TOYOT Restoration - Companion Way Hatch

The original sliding companion way hatch rotted and split lengthwise. It was falling apart so I took the plunge and decided to try to build a replacement. My woodworking experience was about nil, so don't be too critical! I show this as a example of what the rest of us can even achieve. ;-) Teak costing what it does I built this (and companionway boards) out of red oak, and stained with Zar Teak colored stain.


Here's the basic piece. I pulled apart the old one and traced  the curved ribs onto the new stock. The side rails I cut out the notch underneath with a newly acquired router. Instead of notching the rails for the top I built mine so the top would overhang instead. I also decided trying to bend plywood sounded too hard hence I used the 1.5 inch wide strips and built it plank style. The SS screws were counter sunk, and each piece was epoxied into place. 

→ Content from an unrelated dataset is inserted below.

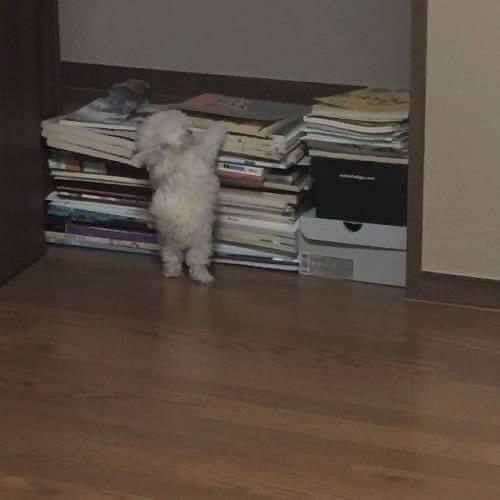 He is going to study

Liberal sanding smoothed out the stair steps of the 'planks'. Then wood putty filled the countersunk screw holes and the very small spaces between the planks. The planks edges were touching on the bottom, but had a small gap between them at the top. This could have been eliminated by beveling the sides of these 'planks', but since I was building this on the dock without a woodshop I opted for just filling in with stainable putty.

I thought I'd get away with this since I coated the whole thing with several coats of epoxy to seal it up from any water.

At this point I've drawn a curve on the back with pencil and string and cut the curve and cut the rails to length. Now we've got the first coat of epoxy on.

More epoxy.. and sanding... and epoxy...

Here's how it looks on the boat. I've got about 5 coats of epoxy on it and a few of varnish. Epoxy is not UV stable so it needs paint, gelcoat, or varnish to protect it. It's not perfect but a lot stronger and more attractive than the rotting white plywood original.